Harald Martenstein (born 9 September 1953, in Mainz) is a German journalist and author.

Biography 
Martenstein studied History and Romance Studies in Freiburg. From 1981 to 1988, he was a journalist at the Stuttgarter Zeitung and from 1988 to 1997 he was a journalist at Tagesspiegel in Berlin. Then, Martenstein took up for a short time the line of the culture editorship at the Abendzeitung (AZ) in Munich. However, he returned a little later as senior editor to the Tagesspiegel.  Since 2002, he has written a column for Die Zeit titled "Lebenszeichen", which since May 24, 2007 appears in Zeit-Magazin LEBEN (a supplement to Die Zeit)  as "Harald Martenstein". Since 2004 Martenstein also writes a column for GEO Kompakt. His second novel, Gefühlte Nähe (Felt close)  received rather critical reviews.

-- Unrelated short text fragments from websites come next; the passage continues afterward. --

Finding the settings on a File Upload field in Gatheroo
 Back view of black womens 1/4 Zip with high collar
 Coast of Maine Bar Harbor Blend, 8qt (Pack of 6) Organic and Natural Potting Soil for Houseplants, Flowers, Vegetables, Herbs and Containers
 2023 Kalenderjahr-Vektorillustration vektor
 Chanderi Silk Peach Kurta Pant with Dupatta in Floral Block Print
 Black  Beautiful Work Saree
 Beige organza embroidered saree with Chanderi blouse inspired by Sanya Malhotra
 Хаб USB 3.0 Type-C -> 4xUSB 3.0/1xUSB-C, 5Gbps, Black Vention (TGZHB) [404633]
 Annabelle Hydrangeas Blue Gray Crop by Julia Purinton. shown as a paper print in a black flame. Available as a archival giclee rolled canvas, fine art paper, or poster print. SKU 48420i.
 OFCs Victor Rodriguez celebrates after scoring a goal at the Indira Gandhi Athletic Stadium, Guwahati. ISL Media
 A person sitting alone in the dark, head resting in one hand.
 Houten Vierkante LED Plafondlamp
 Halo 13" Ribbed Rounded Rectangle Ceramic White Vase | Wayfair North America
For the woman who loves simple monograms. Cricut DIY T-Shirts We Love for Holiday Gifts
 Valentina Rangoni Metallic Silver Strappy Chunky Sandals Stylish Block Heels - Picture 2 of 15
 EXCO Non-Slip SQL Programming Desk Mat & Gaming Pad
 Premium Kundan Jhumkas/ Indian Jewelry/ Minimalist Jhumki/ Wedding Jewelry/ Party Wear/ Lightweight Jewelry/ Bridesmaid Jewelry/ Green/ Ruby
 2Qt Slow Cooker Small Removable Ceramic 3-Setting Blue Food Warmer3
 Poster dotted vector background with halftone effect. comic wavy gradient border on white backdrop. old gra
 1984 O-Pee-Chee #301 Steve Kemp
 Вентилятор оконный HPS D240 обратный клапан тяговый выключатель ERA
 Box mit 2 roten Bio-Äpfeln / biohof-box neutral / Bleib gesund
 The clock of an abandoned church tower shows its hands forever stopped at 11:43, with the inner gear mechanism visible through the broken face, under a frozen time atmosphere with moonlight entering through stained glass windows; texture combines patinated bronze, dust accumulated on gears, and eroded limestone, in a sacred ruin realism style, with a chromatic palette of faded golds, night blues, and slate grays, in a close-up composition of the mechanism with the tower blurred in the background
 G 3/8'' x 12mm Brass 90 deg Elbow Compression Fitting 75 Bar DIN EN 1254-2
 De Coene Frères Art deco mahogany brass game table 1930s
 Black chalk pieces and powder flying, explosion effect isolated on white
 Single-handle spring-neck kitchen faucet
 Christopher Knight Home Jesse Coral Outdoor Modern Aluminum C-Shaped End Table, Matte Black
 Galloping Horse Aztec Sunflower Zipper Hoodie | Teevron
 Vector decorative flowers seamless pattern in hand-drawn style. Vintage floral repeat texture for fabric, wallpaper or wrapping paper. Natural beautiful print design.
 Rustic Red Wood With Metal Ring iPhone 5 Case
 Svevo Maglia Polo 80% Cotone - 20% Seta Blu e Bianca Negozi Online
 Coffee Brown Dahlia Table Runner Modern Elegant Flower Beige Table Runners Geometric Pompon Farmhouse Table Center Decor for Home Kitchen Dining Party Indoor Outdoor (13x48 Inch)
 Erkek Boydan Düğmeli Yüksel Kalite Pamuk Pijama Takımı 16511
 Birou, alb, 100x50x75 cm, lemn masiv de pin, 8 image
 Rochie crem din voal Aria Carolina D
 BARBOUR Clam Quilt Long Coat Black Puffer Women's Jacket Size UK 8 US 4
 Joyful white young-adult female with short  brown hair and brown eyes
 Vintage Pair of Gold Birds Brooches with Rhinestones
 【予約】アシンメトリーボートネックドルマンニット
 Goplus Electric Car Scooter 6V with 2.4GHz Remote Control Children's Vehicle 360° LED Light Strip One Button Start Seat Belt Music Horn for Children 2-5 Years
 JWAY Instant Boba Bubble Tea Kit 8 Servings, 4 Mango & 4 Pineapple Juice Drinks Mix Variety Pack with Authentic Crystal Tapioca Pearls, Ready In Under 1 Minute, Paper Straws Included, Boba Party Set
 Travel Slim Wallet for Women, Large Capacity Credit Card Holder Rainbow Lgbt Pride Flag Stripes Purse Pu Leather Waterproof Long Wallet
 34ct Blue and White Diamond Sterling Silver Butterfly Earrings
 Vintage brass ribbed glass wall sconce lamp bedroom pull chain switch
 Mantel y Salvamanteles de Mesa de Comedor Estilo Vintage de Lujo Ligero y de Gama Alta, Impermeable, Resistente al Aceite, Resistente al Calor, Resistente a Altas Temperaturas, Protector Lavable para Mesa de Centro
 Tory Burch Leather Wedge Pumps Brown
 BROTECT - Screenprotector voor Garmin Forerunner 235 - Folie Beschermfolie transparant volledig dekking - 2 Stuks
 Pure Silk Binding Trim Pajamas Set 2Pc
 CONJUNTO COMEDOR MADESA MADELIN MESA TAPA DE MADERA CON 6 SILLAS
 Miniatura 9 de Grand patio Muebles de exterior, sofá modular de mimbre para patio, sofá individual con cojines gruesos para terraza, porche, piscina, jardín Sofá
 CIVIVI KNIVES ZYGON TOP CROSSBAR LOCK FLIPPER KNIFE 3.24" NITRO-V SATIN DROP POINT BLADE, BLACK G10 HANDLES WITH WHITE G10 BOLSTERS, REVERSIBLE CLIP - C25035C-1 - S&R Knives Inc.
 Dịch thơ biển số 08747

In 2004, he received the Egon-Erwin-Kisch-Preis for the second best investigative report published in German in 2004. Martenstein had dealt with the internal conflicts in Suhrkamp, a major publisher of literary works with longstanding legal conflicts between its owners.

In February 2007, Martenstein's novel debut Heimweg was released and later won the Corine Debütpreis. He has also published several volumes of his collected columns under different titles.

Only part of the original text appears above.